I was spending a few days at the Pousada Ecológica Seringal Cachoeira which stands in a preserved part of the jungle near Xapuri in the state of Acre in the far northwest of Brazil. So far west, in fact, that it’s in a different time zone from the rest of the country. This is where Chico Mendes first worked on the rubber plantations before his assassination in his house in Xapuri in 1988. Chico organised the rubber-tappers into a union and also fought in direct confrontation with the landowners, loggers and ranchers who began moving in and turning the forest into pastures and farms for cattle.
My guide for the three days, Francisco, was related to Chico and he had great stories to tell. His first wife came from a family who lived in the jungle and her father taught him much about the plants, trees and animals of the forest. Plus, he has worked there for 48 years and his knowledge of the surrounding nature was staggering. He delighted in tearing leaves of trees and trying to get me to identify them through smell. I correctly got cinammon, but the next was more fascinating – it smelt like an ointment you’d put on a strained ligament and, in fact, that’s exactly what it’s used for.
On our treks into the jungle he showed me not only how to extract the latex from rubber trees (best done before dawn), but also Brazil nut trees, the samauma (the biggest tree in the forest) and the açaí palm from which comes the purple berry which is eaten all over Brazil usually as a kind of frozen yoghurt in a bowl with granola and fresh fruit. It’s one of my favourite things in Brazil and is a must when you’re travelling here.
Another tree which Francisco showed me was what he called quina-quina, good for malaria, he told me. I realised it was where we get quinine from, used to treat malaria for centuries. Wildlife was pretty scarce. Francisco told me that in all his time in the jungle he’s only ever seen a jaguar three times and admitted to being quite frightened. He did a very good impression of one snorting and roaring though.

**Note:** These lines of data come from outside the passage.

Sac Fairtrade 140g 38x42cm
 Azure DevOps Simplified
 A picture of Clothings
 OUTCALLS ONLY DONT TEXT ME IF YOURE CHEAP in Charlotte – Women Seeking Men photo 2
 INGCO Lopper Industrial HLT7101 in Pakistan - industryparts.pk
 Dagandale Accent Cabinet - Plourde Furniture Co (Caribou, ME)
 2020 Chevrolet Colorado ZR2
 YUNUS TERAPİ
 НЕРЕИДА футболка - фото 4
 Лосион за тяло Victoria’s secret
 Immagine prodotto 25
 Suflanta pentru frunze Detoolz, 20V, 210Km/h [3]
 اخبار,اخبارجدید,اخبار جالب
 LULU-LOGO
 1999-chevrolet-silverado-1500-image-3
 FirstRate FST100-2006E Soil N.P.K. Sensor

I travelled there from Brasileia on the border with Cobija in Bolivia and the scenes from the bus are ones of depressing devastation. All the way to Rio Branco and further to Porto Velho in Rondônia, a journey of hundreds of miles, the road is lined with cattle ranches and farms. Occasionally, there is smoke to be seen as fires burn, clearing the way for pastures. On the television screen in the bus station the commercials were dominated by companies selling tractors or pest control; cattle flies can really damage your profits if not treated, we were warned. Nobody seemed too concerned about the damage to the environment.
In these two remote states of Brazil everything seems to be about commerce, raising cattle or popping across the border into Bolivia for cheaper goods. Tourism and indeed ecotourism are not promoted here, with the honourable exception of the Seringal Cachoeira. But when I was there, I was the only guest.
It was a privilege, though, to spend time with Francisco and marvel at how in touch with nature he was. He told me he once spent a year in the jungle and declared that all you need to survive is a lighter and a knife. Not totally true, I replied, pointing to my head, you need knowledge too. He smiled wistfully in recognition, as if aware that that knowledge, like the jungle itself, is slowly disappearing.